_TRY IT:_ In the entries below, find the line with "There are no" and the line with "How to quickly"; reproduce those two lines and all lines between them exactly, without pictures.

_EXERCISE INPUT:_
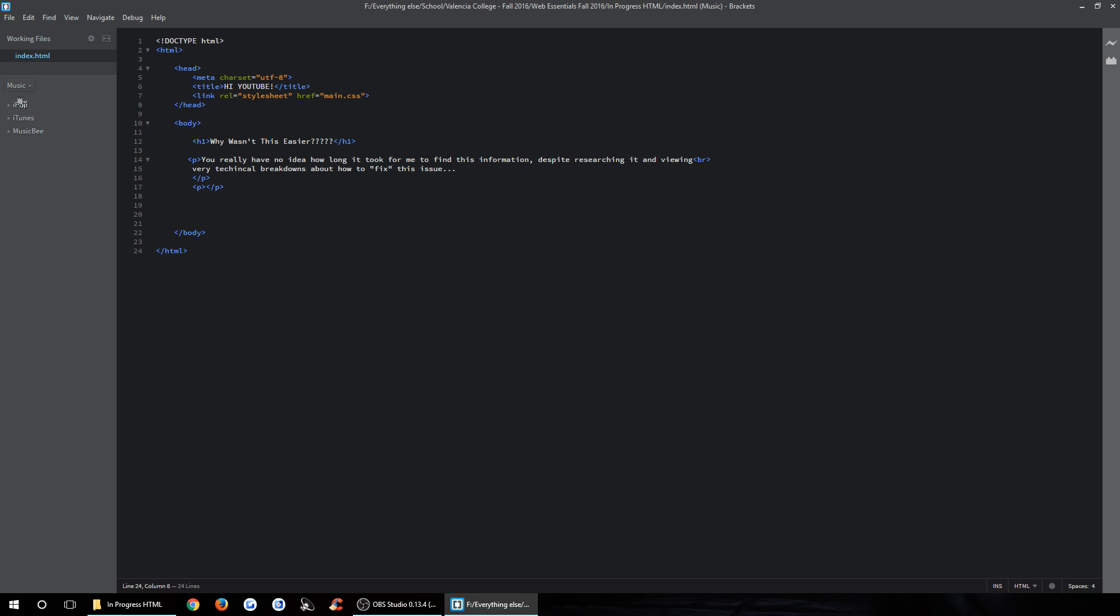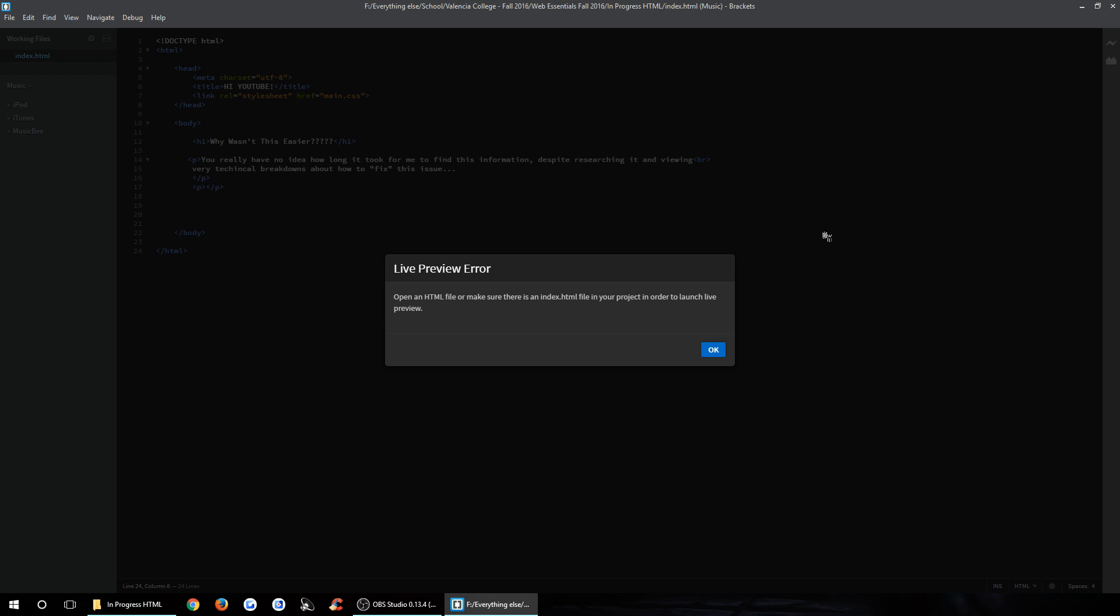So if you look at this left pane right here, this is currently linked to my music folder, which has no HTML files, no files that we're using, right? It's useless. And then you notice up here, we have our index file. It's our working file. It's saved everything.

...

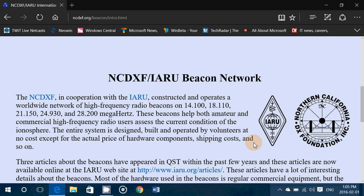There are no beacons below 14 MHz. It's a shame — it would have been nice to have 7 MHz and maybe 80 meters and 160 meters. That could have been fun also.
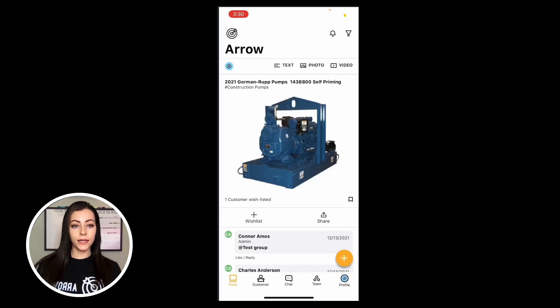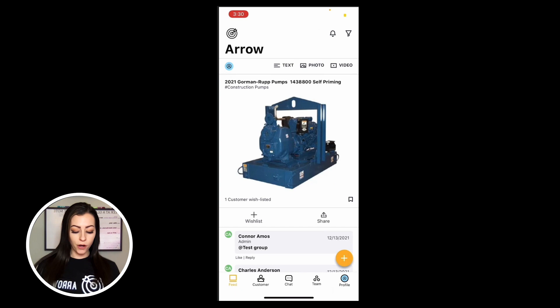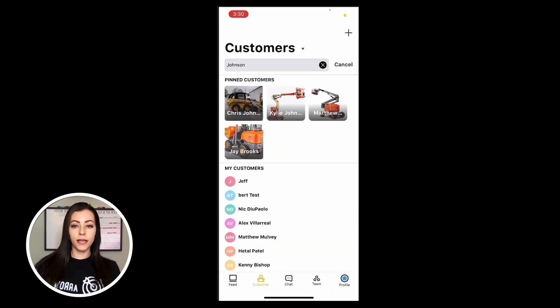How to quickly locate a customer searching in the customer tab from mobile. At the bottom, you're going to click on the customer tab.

---

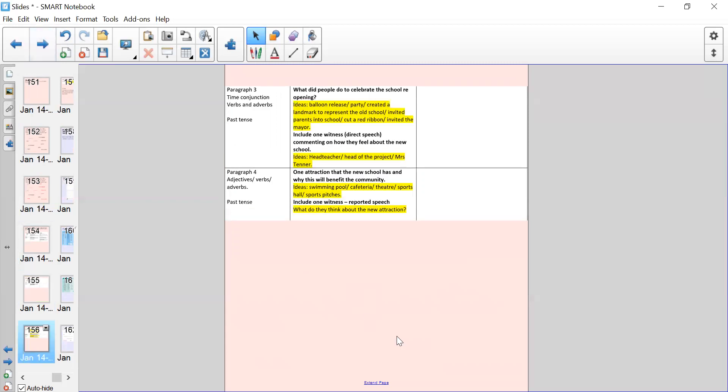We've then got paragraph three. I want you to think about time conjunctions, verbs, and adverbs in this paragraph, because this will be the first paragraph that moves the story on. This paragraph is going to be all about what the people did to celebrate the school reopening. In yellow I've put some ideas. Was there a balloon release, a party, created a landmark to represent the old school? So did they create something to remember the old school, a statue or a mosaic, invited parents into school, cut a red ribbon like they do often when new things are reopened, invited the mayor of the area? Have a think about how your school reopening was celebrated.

_TASK OUTPUT:_
There are no beacons below 14 MHz. It's a shame — it would have been nice to have 7 MHz and maybe 80 meters and 160 meters. That could have been fun also.
How to quickly locate a customer searching in the customer tab from mobile. At the bottom, you're going to click on the customer tab.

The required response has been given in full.